第4話

   ❤


 翌日、英太は申し訳なさそうに、他の子のライブに行ってしまった。私の気のせいかもしれないが、申し訳なさそうだったことすらイラっとしてしまった。好きなアイドルの行きたい現場だったら、堂々と楽しそうに行ってほしかった。嘘でもいいから、私に「いいなあ。私も行きたいなあ」って言わせてほしかった。えなちゃんの代わりを探すために行くライブなんて、どちらのファンにも失礼だ。

 午前中に自分の部屋の掃除をして、ふとんを干そうと英太の部屋に入った時、えなちゃんの2L写真が写真立てにあるのを見つけた。卒業ライブで販売された限定写真。ブルーのワンピースに身を包んだえなちゃんが珍しく口を開けて笑い、ピースサインをしていた。ファンの間でも最高の一枚と称されるもので、私の部屋にも同じ写真が飾ってある。布団を干しながら見回すと。他にはポスターなどが見当たらなかった。私も英太もグッズに執着するタイプではない。でも、それにしても少なくないか。机の上には他のアイドルたちのCDが置いてあったが、どれも未開封のようだった。私はえなちゃんの写真の収まった写真立てを伏せて置いた。

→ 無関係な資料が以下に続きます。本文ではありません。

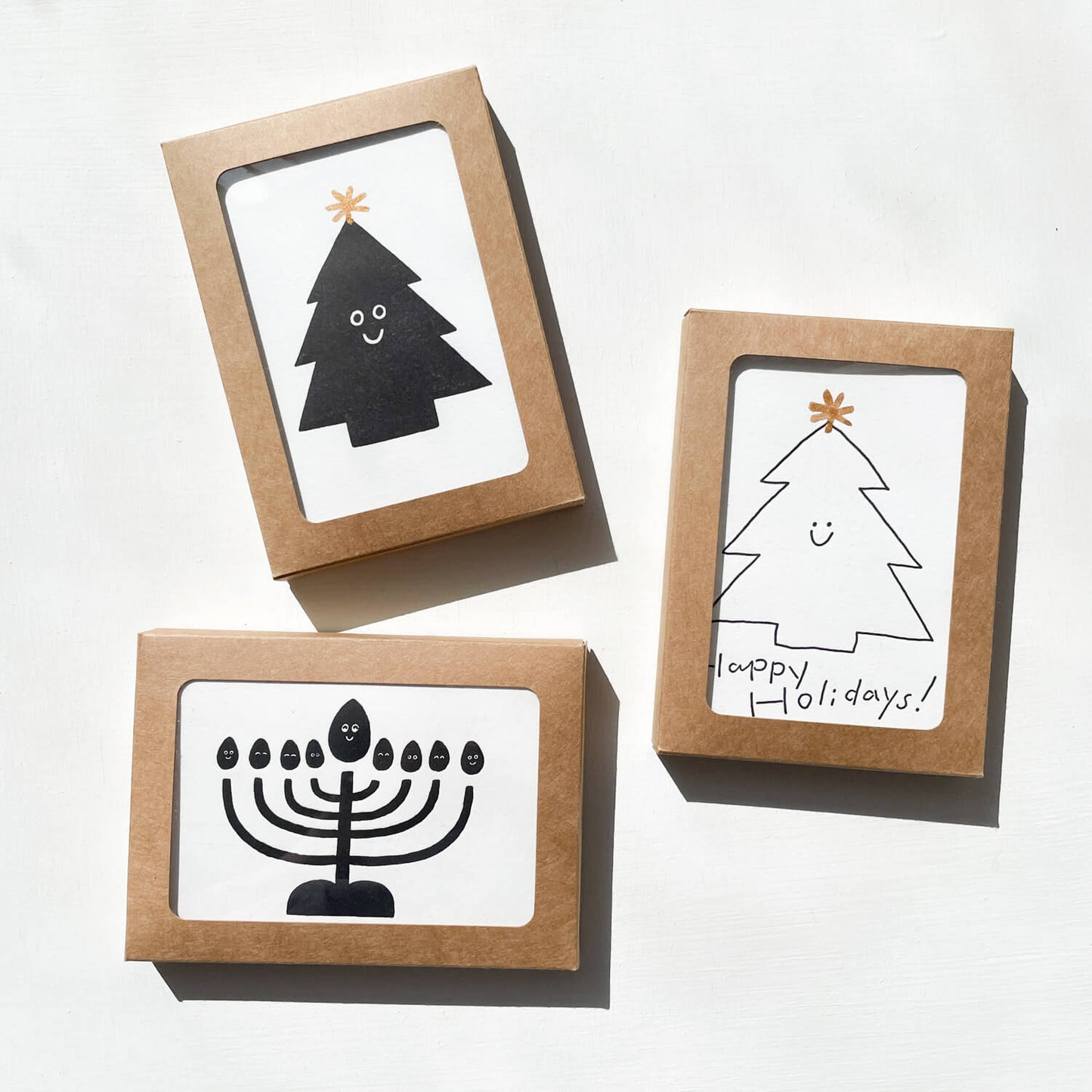 OITAMA Letterpress Card Set of 6 / Holiday Trees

 焼うどんでお昼ごはんを済ませると、暇になりソファーの上で横になるが昼寝ができそうじゃなかった。「いつもはどう過ごしていたんだろう」と思い返し、えなちゃんのライブの無い週末はライブのDVDを観たり、チェキを整理したりしてたんだったなと思い出し、部屋からDVDとチェキのファイルを持ってきた。間違ってこぼさないようハーブティをテーブルの奥側に置いて、DVDプレーヤーの再生ボタンを押した。

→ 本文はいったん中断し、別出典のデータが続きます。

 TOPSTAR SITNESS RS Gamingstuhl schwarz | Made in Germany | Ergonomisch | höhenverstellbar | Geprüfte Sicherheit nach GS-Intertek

 相変わらず、えなちゃんは最高だった。代表曲を歌うはじけるような笑顔もステージを飛び出すほどの高いジャンプも、バラードを歌う切ない表情も、MC中に見せる飾りのない微笑みも、ステージに上がった瞬間のスイッチの切りかわった真剣なまなざしも。見始めて40分が経ったころだった。違和感に気づき、停止ボタンを押して、画面を真っ暗にした。

 おかしい。

 えなちゃんが最高のパフォーマンスをし、大好きな曲が続き、ファンもこれ以上ない盛り上がりを見せていた。しかも、このDVDは卒業ライブの次に私が好きな長野遠征のときのライブ映像だ。なのに、なのに、なんで。楽しい時間なのに、こんなに最高なライブなのに、この時間がいつもより楽しくなかった。

 私の感情が過去を美化してしまったのだろうか。あの時が楽しかったと思い込んでいただけなのだろうか。